In response, the CCG's chief officer Jo Webster said: "Let me reassure you that since the summit things have improved.
"The challenge (faced by the trust) was one of workforce and demand. There’s a whole variety of reasons.
"The summit was about exploring the ways we can approach the issues that have come out, in terms of the spike in referrals we had over January and February time."
It was suggested earlier this year that a soap storyline in Emmerdale may have contributed to the sharp increase in patients being sent for screenings.
GPs in Wakefield have been written to about the new measures, while it is believed that breast cancer diagnoses have not risen locally.
Deputy chief officer Pat Keane told the board that patients' average waiting times had come down from 28 days to 14.
But he added: "That’s not sustainable because we’ve put temporary measures in place.

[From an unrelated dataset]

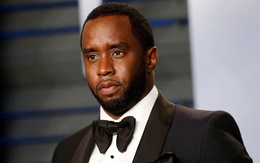 Ông trùm Diddy sẽ ra tù trước thời hạn?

"When the trust first encountered this problem, when they looked around for the workforce there was nobody there.
"A lot of other trusts were in the same boat.
"One of the reasons it has come down to 14 days is because referrals have dropped off. If they spike again, (waits) will increase again.
"So we have managed to get those referrals back to where they should be, but there’s a long term challenge there."
But board member and Chapelthorpe GP Clive Harries said: "I’m not actually convinced the problem has been solved.
"If you look at the trends there have been variations in referrals, but in the main they have been stable.
"I don’t think this is a problem that’s going to go away."